NEW YORK: Oil prices slipped on Wednesday, eating into the previous day’s gains as investors monitored developments in the Red Sea, where shippers are returning despite further attacks on Tuesday.
Brent crude futures were down 53 cents, or 0.7%, at $80.54 a barrel by 10:59 a.m. EST (1559 GMT).
US West Texas Intermediate crude fell 67 cents, or 0.9%, to $74.90. Danish shipping company Maersk said it has scheduled several dozen container vessels to travel via the Suez Canal and Red Sea in the coming weeks after calling a temporary halt to those routes this month after attacks by Yemen’s Iran-backed Houthi.

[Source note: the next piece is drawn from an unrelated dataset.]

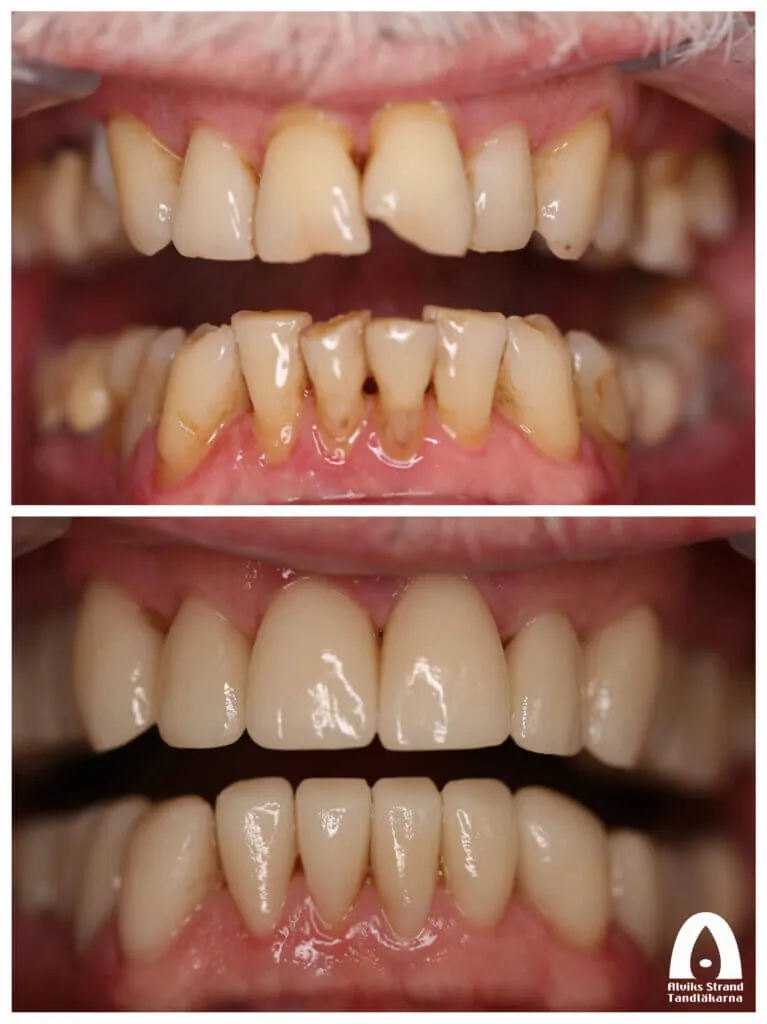 Före- och efterbild: Smile makeover
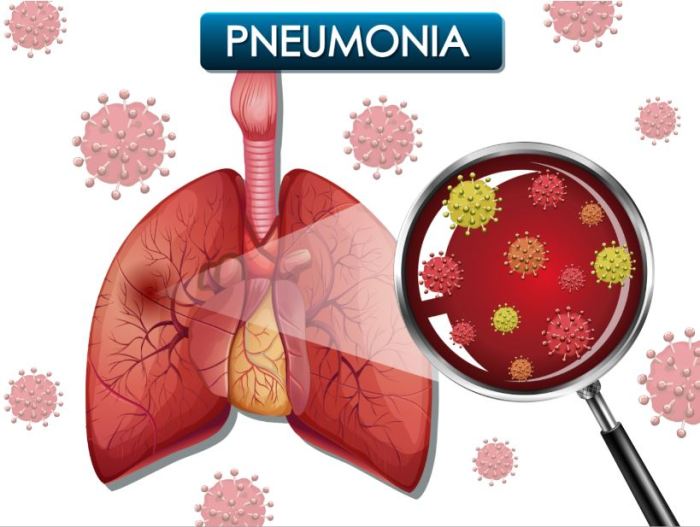 Pneumonia vs lung cancer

France’s CMA CGM also said it was resuming passage through the Red Sea after deployment of a multinational task force to the region.
“I think we have to wait and see whether the increased naval patrols and rerouting of ships lead to a decline in attacks,” said Callum Macpherson, head of commodities at Investec.
Both the Brent and WTI benchmarks settled more than 2% higher in the previous session as the latest attacks on ships in the Red Sea prompted fears of shipping disruption.
The prospect of a prolonged Israeli military campaign in Gaza remained a major driver of market sentiment. Israeli forces pummelled central Gaza by land, sea and air on Wednesday, a day after Israel’s Chief of Staff Herzi Halevi told reporters the war would go on “for many months”.
Elsewhere, oil loadings at the Russian Black Sea port of Novorossiisk were suspended because of a storm. However, the Caspian Pipeline Consortium (CPC) terminal near the port was open, Kazakhstan’s energy ministry said.
US crude stocks were expected to have fallen by 2.6 million barrels last week, while distillate and gasoline inventories were expected to have risen, a preliminary Reuters poll showed on Tuesday.
Inventory reports from the American Petroleum Institute and the Energy Information Administration are expected on Wednesday and Thursday respectively, a day later than normal because of the Christmas holiday.
Oil output in Russia, the third largest producer in the world after the US and Saudi Arabia, is expected to be steady or even to increase next year as Moscow has largely overcome Western sanctions, analysts said.